We used a PyTorch-based image for the model training. The Deep Graph Library (DGL) and other dependencies are installed when building the Docker image. The GNN model code in the src/sagemaker/FD_SL_DGL/gnn_fraud_detection_dgl folder is copied to the image as well.

Because we process the transaction data into a heterogeneous graph, in this solution we choose the Relational Graph Convolutional Network (RGCN) model, which is specifically designed for heterogeneous graphs. Our RGCN model can train learnable embeddings for the nodes in heterogeneous graphs. Then, the learned embeddings are used as inputs of a fully connected layer for predicting the node labels.

Hyperparameters

To train the GNN, we need to define a few hyperparameters before the training process, such as the file names of the graph constructed, the number of layers of GNN models, the training epochs, the optimizer, the optimization parameters, and more.
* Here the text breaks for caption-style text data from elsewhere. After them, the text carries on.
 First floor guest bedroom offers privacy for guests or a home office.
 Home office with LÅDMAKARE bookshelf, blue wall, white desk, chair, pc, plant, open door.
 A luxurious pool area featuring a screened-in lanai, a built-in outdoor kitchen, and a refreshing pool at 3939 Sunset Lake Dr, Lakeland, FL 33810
See the following code for a subset of the configurations:

edges *=* ","*.*join(map(*lambda* x: x*.*split("/")[*-*1], [file *for* file *in* processed_files *if* "relation" *in* file]))

params *=* {'nodes' : 'features.csv',
          'edges': edges,
          'labels': 'tags.csv',
          'embedding-size': 64,
          'n-layers': 2,
          'n-epochs': 10,
          'optimizer': 'adam',
          'lr': 1e-2}

For more information about all the hyperparameters and their default values, see estimator_fns.py in the src/sagemaker/FD_SL_DGL/gnn_fraud_detection_dgl folder.
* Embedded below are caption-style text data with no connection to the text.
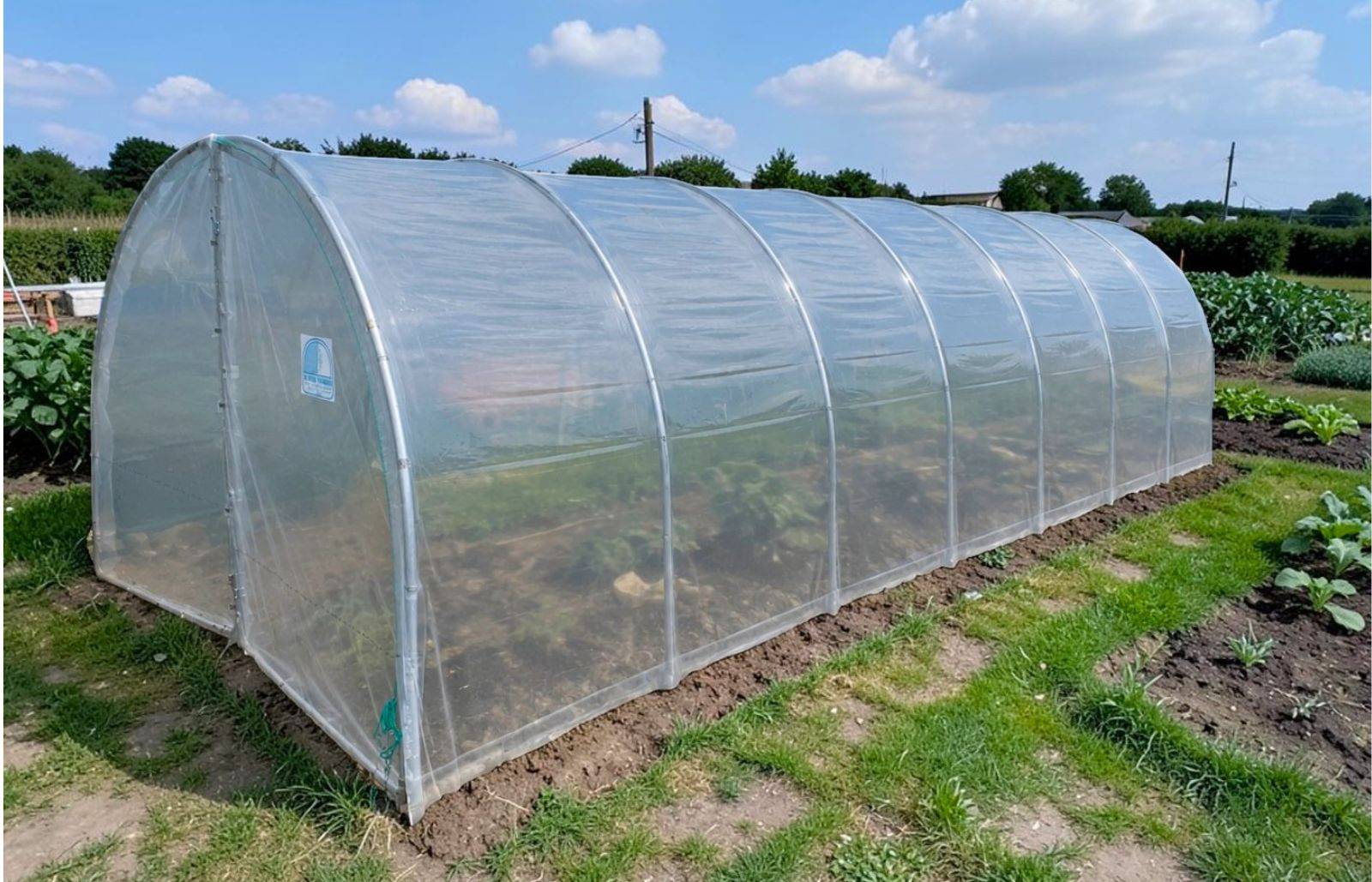 Serre tunnel de jardin - 31,5m² - 3 x 10,5 m - pieds arrondis - polyéthylène haute densité - 2 portes pivotantes - LES SERRES TONNEAU - Image 1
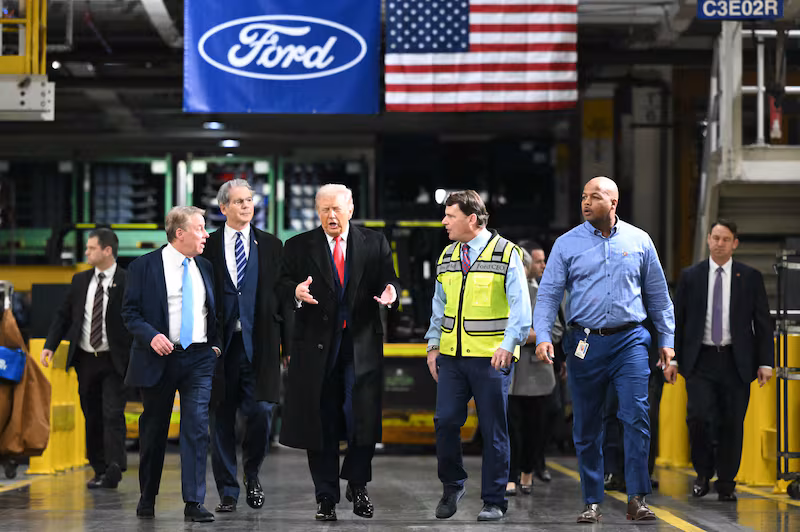 US President Donald Trump, alongside L/R Ford executive chairman Bill Ford, Secretary of Treasury Scott Bessent, Ford CEO Jim Farley, and plant manager Corey Williams, tours Ford Motor Company's River Rouge complex in Dearborn, Michigan on January 13, 2026. (Photo by Mandel NGAN / AFP via Getty Images)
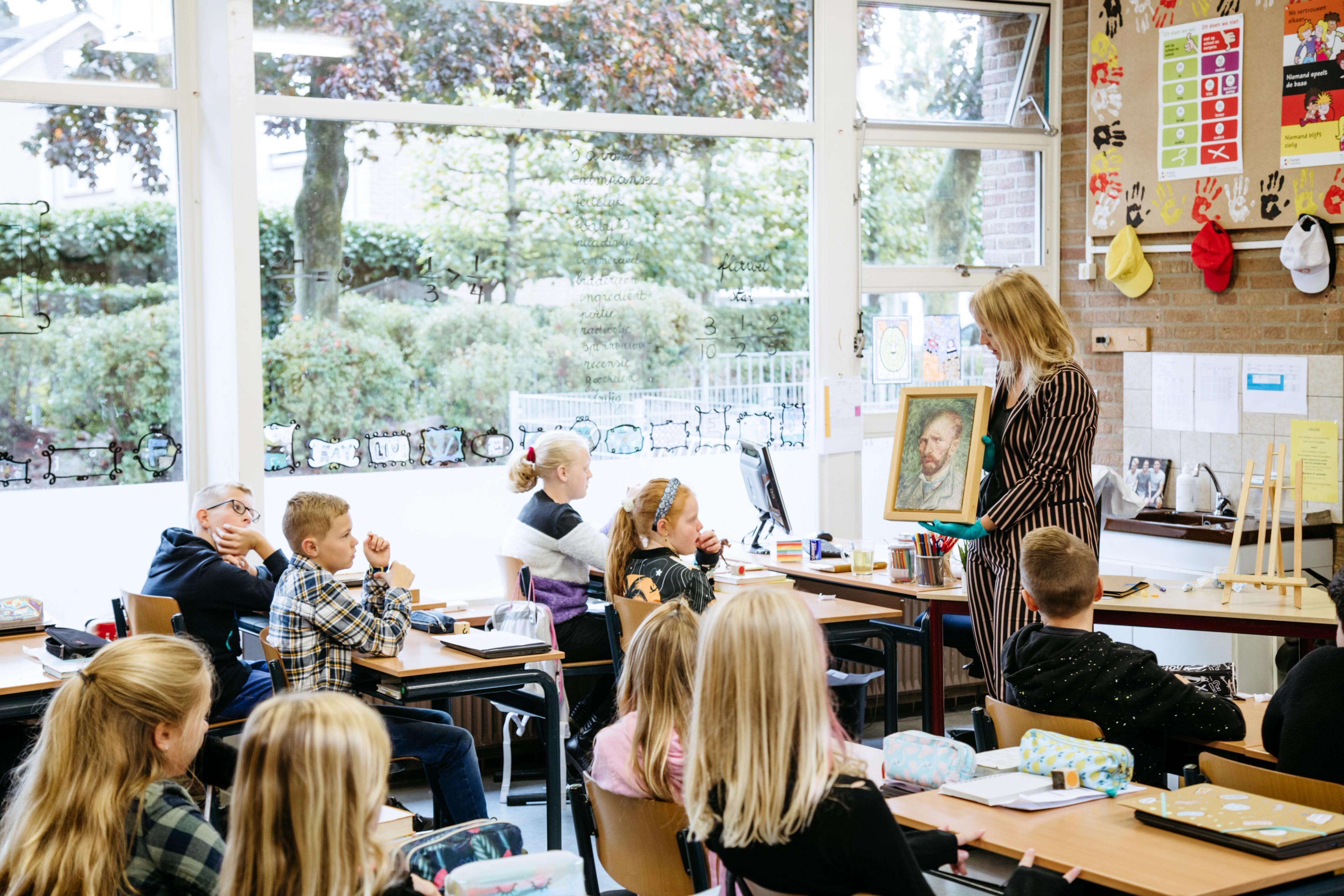 Museumdocent houdt een reproductie van 'Zelfportet' van Vincent van Gogh vast. Op de voorgrond kinderen in de klas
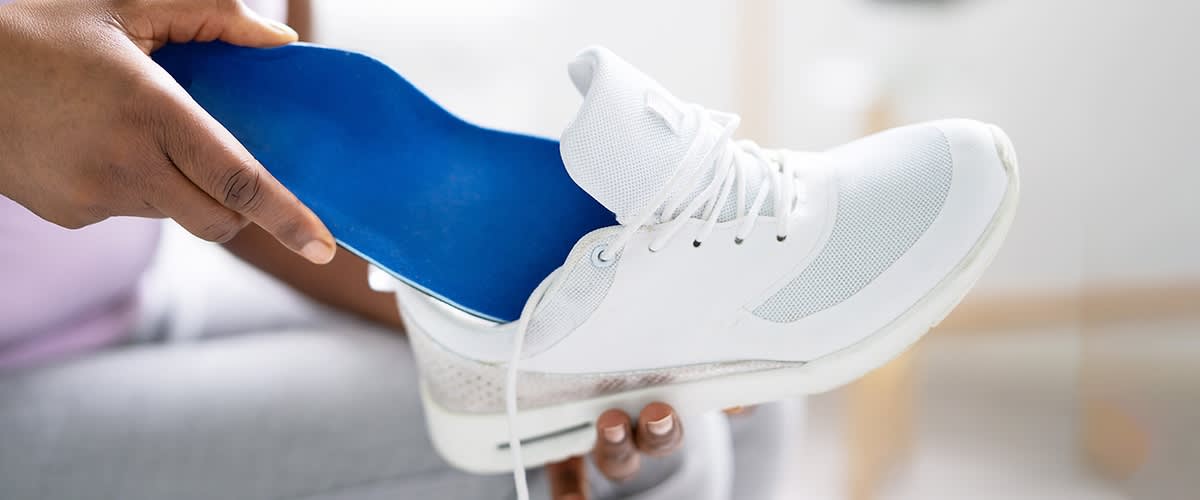 Blaue Schuheinlage wird in weissen Schuh eingelegt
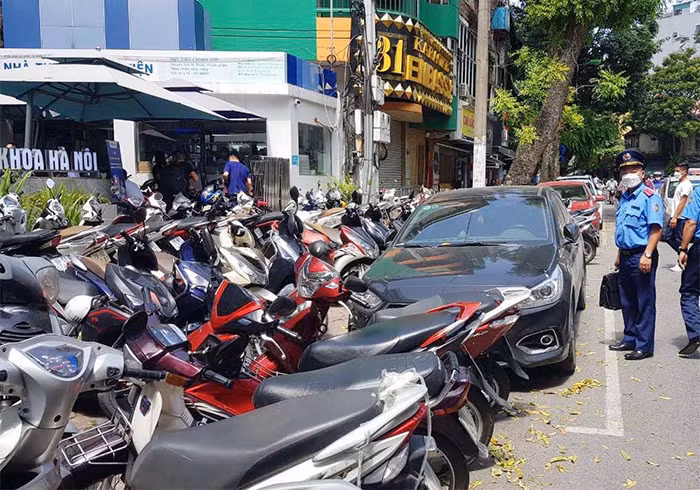 Hơn 400 bãi trông giữ xe vi phạm bị xử lý -0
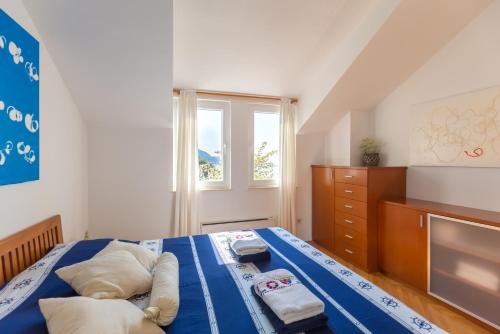 Postel nebo postele na pokoji v ubytování Apartment Hedera A14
Model training with SageMaker

After the customized container Docker image is built, we use the preprocessed data to train our GNN model with the hyperparameters we defined. The training job uses the DGL, with PyTorch as the backend deep learning framework, to construct and train the GNN. SageMaker makes it easy to train GNN models with the customized Docker image, which is an input argument of the SageMaker estimator. For more information about training GNNs with the DGL on SageMaker, see Train a Deep Graph Network.
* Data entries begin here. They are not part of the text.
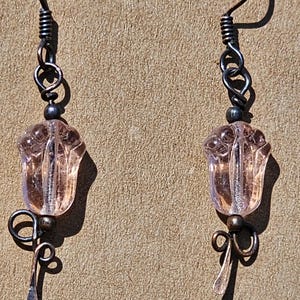 以下が含まれることがあります： 淡いピンク色のチューリップ型のガラスビーズが特徴的な、手作りのイヤリングのペア。イヤリングは、装飾的なループと涙型のドロップが付いた、暗いアンティーク調の金属デザインです。イヤーフックはシンプルなフックタイプです。
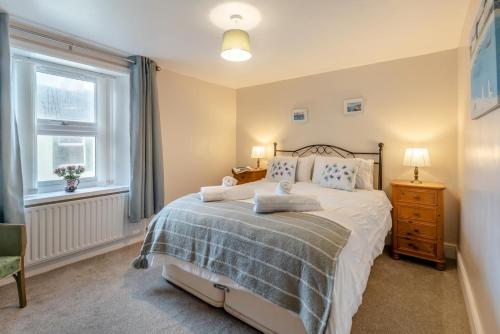 a bedroom with a bed and a window at Iona Cottage - Allonby in Allonby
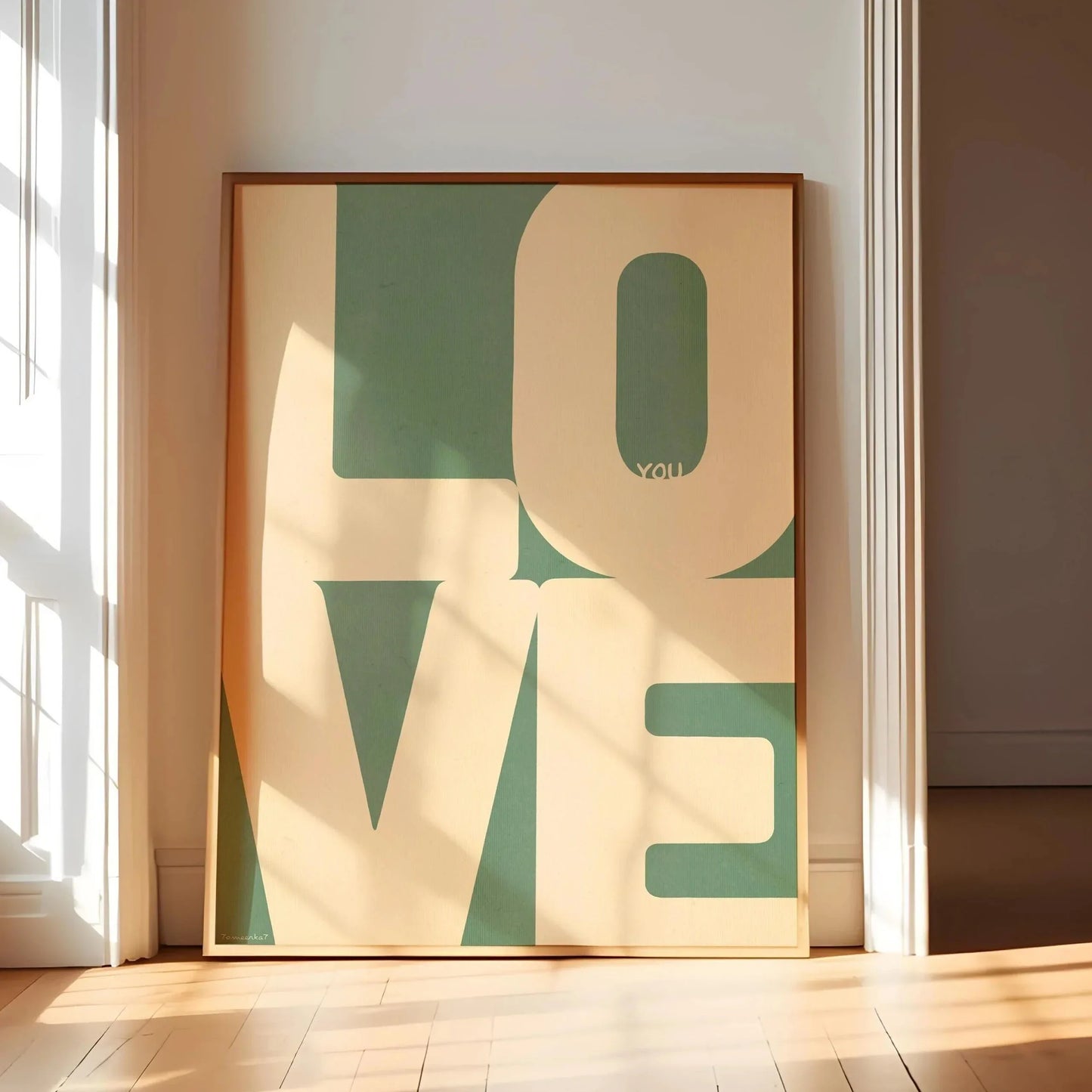 Affiche typographique design avec le mot “LOVE” en lettres majuscules géométriques vertes sur fond beige, encadrée en bois clair et exposée au sol dans une pièce baignée de lumière naturelle.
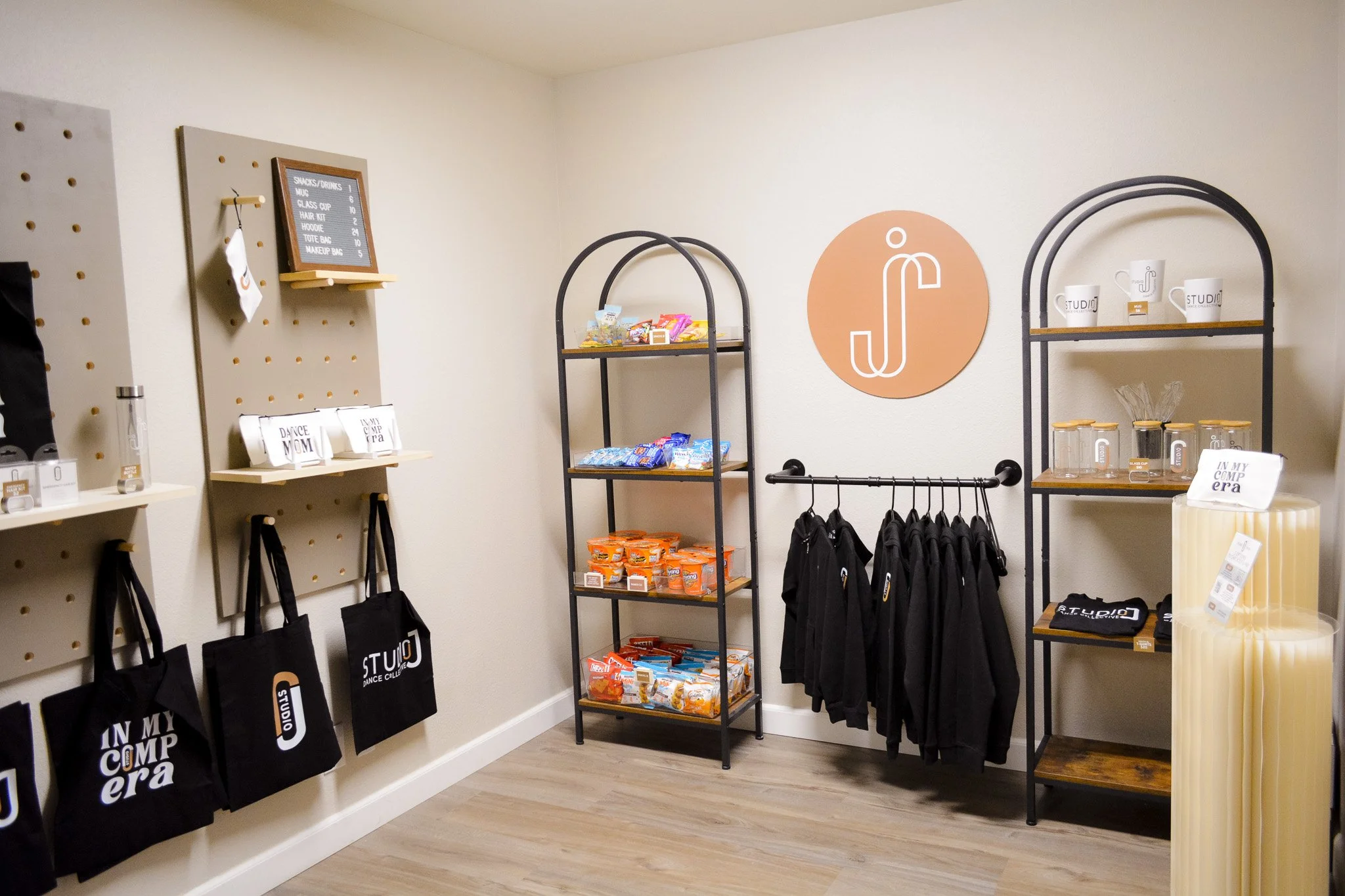 Store space with shelves of snacks, branded tote bags, dance merchandise with a dance studio logo, beige walls, and wooden flooring.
The SageMaker Python SDK uses Estimator to encapsulate training on SageMaker, which runs SageMaker-compatible custom Docker containers, enabling you to run your own ML algorithms by using the SageMaker Python SDK. The following code snippet demonstrates training the model with SageMaker (either in a local environment or cloud instances):

from sagemaker.estimator import Estimator
from time import strftime, gmtime
from sagemaker.local import LocalSession

localSageMakerSession = LocalSession(boto_session=boto3.session.Session(region_name=current_region))
estimator = Estimator(image_uri=image_name,
                      role=sagemaker_exec_role,
                      instance_count=1,
                      instance_type='local',
                      hyperparameters=params,
                      output_path=output_path,
                      sagemaker_session=localSageMakerSession)

training_job_name = "{}-{}".format('GNN-FD-SL-DGL-Train', strftime("%Y-%m-%d-%H-%M-%S", gmtime()))
print(training_job_name)

estimator.fit({'train': processed_data}, job_name=training_job_name)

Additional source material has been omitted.